The Queen and senior royals will lead the nation in commemorating the Battle of the Somme today by attending services in both the UK and France.
At Westminster Abbey the Queen and Duke of Edinburgh will join the congregation for an evening commemoration - on the eve of the 100th anniversary of the start of the battle.
And in France the Duke and Duchess of Cambridge and Prince Harry will attend a vigil in memory of the fallen.
The services will mark the beginning of events across the UK and France marking the start of the battle on July 1 1916, a day that became the bloodiest in British military history with almost 20,000 dead.
By the end of the four-month battle in northern France, more than a million soldiers had been killed and wounded on both sides of the fighting.
The First World War would drag on for another two years.
After the Westminster Abbey service an overnight vigil will begin around the Grave of the Unknown Warrior - the first time the place of worship has hosted such an event since the peace vigils for the Cuban Missile Crisis more than 50 years ago.
The Dean of Westminster, the Very Reverend Dr John Hall, said: "The Battle of the Somme is remembered as one of the most devastating of the First World War.
"The sacrifice of many thousands of lives in a battle which ultimately failed to achieve any serious breakthrough stands as a reminder of the suffering and loss involved in the First World War.
"As we imagine the feelings of those preparing for battle, the vigil will allow us to reflect on the cruel effects of warfare and to pray for lasting peace and justice in the world. All will be welcome."
Other overnight events will also take place in Wales, Scotland and Northern Ireland.
William, Kate and Harry will attend events this evening at the Thiepval Memorial in France, where 70,000 British and Commonwealth soldiers with no known grave are commemorated.

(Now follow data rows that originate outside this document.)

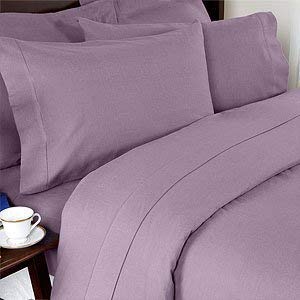 Elegant Comfort Luxury Soft 1500 Thread Count Egyptian Quality 4-Piece Sheet Wrinkle and Fade Resistant Bedding Set, Deep Pocket up to 16inch Full Lavender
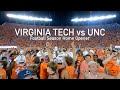 Virginia Tech vs UNC:  A Photographer's Perspective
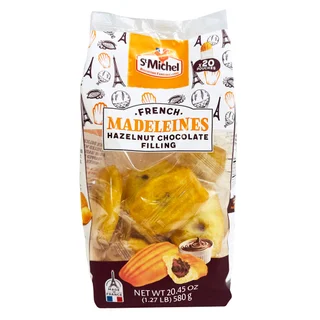 ST MICHEL CHOCOLATE FILLED MADELEINES 20.45 OZ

The events include a climb to the top of a huge, newly renovated structure, which will be lit for the first time, to view the killing fields.
There is to be a military vigil and a meeting with representatives of nations involved in the battle.

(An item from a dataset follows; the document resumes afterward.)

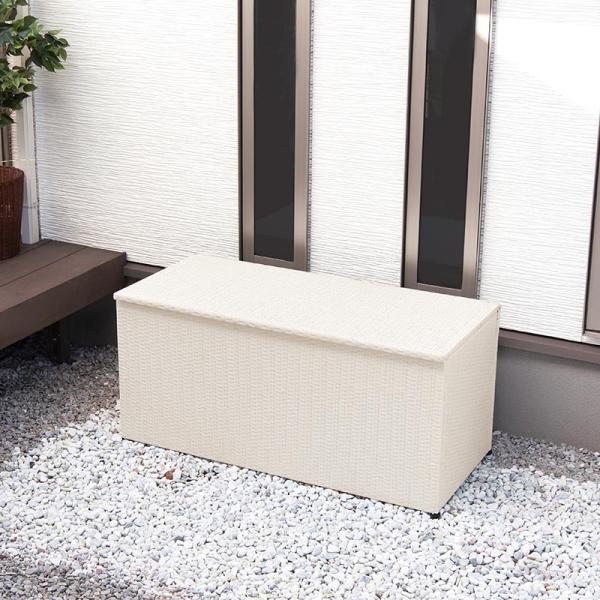 収納ボックス 大容量 ラタン調 SMOOTH [幅123] | キャビネット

On Friday they will be joined by the Prince of Wales, Duchess of Cornwall, Prime Minister and 10,000 members of the public, including hundreds of schoolchildren, chosen by ballot, for a service of commemoration.

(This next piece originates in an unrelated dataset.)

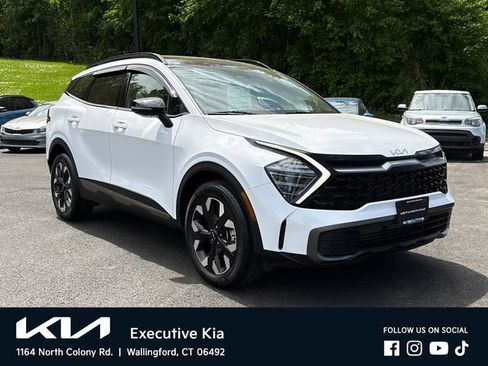 Certified 2024 Kia Sportage X-Line w/ X-Line Premium Package AWD/4WD image 5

Charles and Camilla will then attend other ceremonies for Northern Irish and Canadian victims of the battle at the nearby Ulster Tower and Beaumont-Hamel Newfoundland Memorial, respectively.
Camilla will also lay a wreath at the grave of her great-uncle, Captain Harry Cubitt, who was killed on the Somme in September 1916 while serving with the Coldstream Guards.
He was the eldest, and the first, to die of three brothers killed serving on the Western Front.
In the UK the nation will fall silent for two minutes during Friday morning to remember the sacrifices of all those who fought and lost their lives.